Short descriptive text snippets:
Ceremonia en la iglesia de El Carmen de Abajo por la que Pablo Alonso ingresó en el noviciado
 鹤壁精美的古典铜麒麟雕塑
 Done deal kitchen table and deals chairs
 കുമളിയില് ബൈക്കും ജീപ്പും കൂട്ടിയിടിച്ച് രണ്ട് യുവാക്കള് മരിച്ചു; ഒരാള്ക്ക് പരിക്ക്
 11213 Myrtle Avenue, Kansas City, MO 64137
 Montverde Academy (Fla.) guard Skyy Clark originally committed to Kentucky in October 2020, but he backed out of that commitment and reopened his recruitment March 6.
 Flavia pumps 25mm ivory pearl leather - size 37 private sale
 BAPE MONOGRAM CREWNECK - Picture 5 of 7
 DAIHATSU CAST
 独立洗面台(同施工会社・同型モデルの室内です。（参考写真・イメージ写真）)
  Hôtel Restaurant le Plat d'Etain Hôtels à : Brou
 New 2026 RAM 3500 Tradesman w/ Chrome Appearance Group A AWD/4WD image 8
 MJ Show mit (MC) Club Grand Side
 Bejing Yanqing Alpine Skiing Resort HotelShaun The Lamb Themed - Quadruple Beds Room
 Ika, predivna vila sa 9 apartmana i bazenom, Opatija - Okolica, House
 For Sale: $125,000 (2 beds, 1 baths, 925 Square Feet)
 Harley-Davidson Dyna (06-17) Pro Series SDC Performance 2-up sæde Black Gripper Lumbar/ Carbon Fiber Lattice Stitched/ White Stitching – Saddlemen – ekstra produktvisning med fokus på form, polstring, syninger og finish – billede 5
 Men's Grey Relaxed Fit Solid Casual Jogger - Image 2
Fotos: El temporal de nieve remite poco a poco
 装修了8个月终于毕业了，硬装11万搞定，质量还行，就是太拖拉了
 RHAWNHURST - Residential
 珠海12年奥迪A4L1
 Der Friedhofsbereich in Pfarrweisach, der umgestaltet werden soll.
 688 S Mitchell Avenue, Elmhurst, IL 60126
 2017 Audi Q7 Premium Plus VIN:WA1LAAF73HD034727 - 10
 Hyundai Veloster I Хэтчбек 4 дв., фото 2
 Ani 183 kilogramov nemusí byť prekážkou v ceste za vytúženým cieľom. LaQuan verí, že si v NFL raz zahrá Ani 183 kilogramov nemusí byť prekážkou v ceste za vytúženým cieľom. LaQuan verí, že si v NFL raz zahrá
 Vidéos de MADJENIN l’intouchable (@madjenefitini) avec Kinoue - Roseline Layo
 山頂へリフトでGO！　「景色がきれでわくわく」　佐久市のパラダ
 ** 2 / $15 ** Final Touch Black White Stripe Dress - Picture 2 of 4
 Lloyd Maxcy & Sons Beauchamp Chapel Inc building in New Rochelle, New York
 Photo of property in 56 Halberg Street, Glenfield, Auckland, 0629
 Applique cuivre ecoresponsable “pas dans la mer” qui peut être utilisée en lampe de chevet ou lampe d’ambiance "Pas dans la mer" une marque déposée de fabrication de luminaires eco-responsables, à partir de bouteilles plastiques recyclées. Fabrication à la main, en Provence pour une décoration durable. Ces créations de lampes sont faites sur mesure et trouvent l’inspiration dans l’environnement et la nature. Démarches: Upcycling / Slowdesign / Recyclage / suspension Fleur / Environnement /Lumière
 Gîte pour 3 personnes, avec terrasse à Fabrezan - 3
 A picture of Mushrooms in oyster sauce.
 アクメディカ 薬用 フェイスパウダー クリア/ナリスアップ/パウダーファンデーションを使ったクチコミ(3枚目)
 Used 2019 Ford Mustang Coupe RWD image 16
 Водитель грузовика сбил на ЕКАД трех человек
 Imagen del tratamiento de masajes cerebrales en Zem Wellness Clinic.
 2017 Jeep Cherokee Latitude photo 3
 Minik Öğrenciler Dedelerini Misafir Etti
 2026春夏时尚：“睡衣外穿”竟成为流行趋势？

◆ REQUIRED WORK ◆
Filter the records above, keeping each line that contains the word "Avenue".

◆ EXERCISE RESPONSE ◆
 11213 Myrtle Avenue, Kansas City, MO 64137
 688 S Mitchell Avenue, Elmhurst, IL 60126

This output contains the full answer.